Digitalisierung und Bilder von Kirche: 5. Das Verschwinden der Präsenz

      

Es war Dietrich Bonhoeffer, der hier mit seiner Redeweise von „Christus als Gemeinde existierend“ schon etwas erahnte: eine prekäre Präsenz. Was aber, wenn diese „Gemeinde“ nicht mehr im klassischen Sinne „präsent“ im Sinne physischer Anwesenheit, ist, sondern eben „virtuell“, was wenn sie gar kein wirkliches „physisches“, oder wie es in der Sprache der Digitalisierung heißt, „kohlenstoffliches“ Äquivalent mehr hat?  Es ist eine technische Entwicklung, die uns hier vor fundamentale Fragen stellt, wie eine „Kultur der Digitalität“ für Kirche aussehen kann und was das mit unserem Begriff von „Kirche“ macht. Das geht über den immer noch recht substanzhaft gedachten „Hybrid“ weit hinaus.

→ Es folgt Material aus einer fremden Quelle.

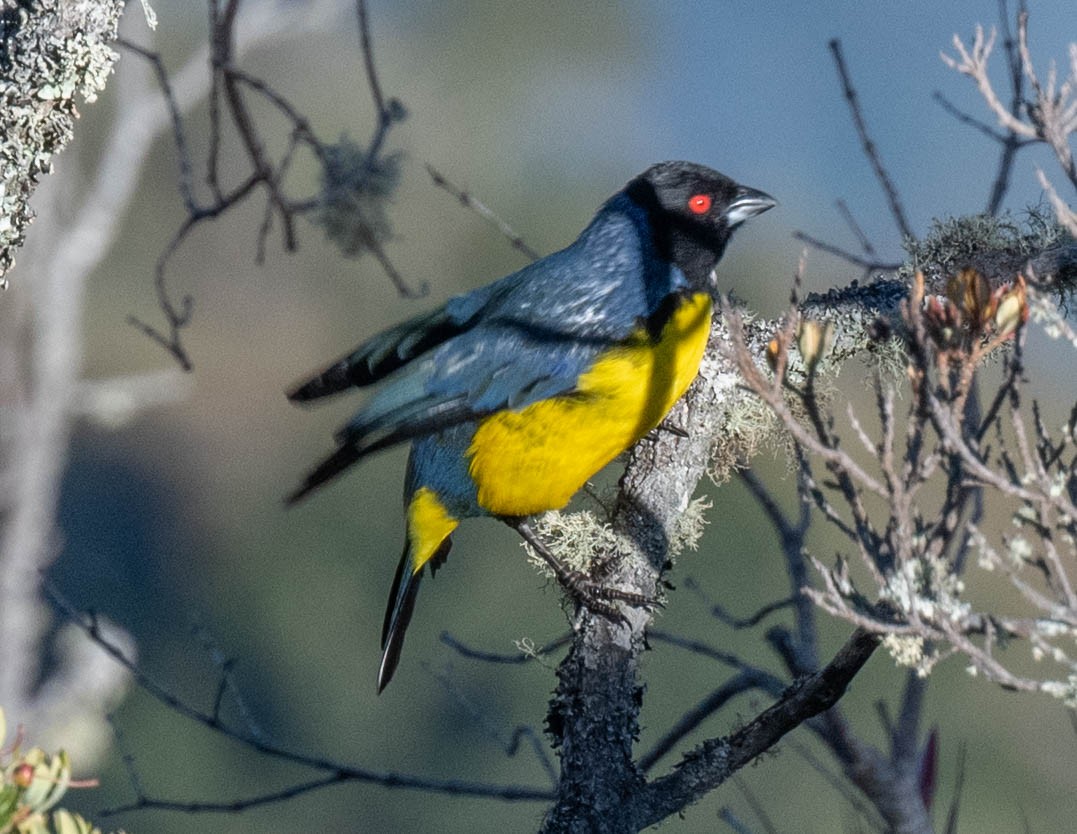 Hooded Mountain Tanager - ML646554888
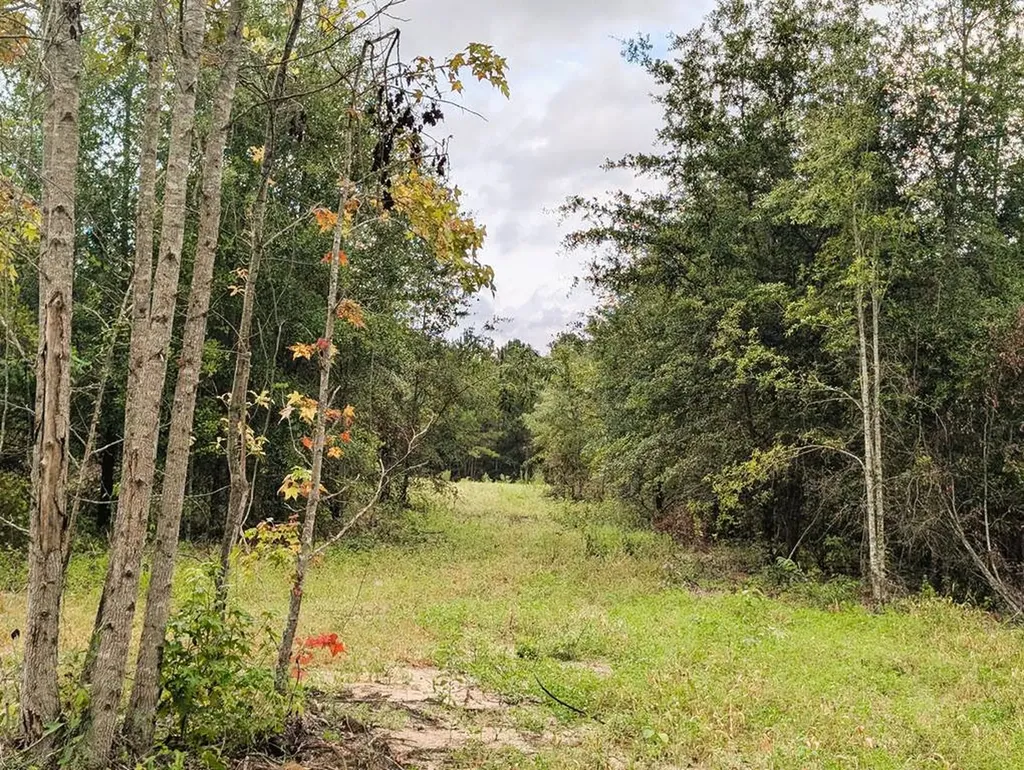 0 Grimsley Road Gordon AL 36343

Es waren vor allem die Philosophie, die Soziologie und die Wissenschaftstheorie, die im vergangenen Jahrhundert diesem Phänomen des Verschwindens der Präsenz auf der Spur waren. Weit davon entfernt, mich hier auch nur ansatzweise auszukennen, möchte ich im Folgenden einige Begriffe anbieten, die mir in den letzten Jahrzehnten sehr geholfen haben, zu verstehen, was der Fall ist. Die Suche nach einer „Neuen Sprache“, die allenthalben gefordert wird, ist zuerst eine Suche nach einem neuen Denken und neuen Bildern.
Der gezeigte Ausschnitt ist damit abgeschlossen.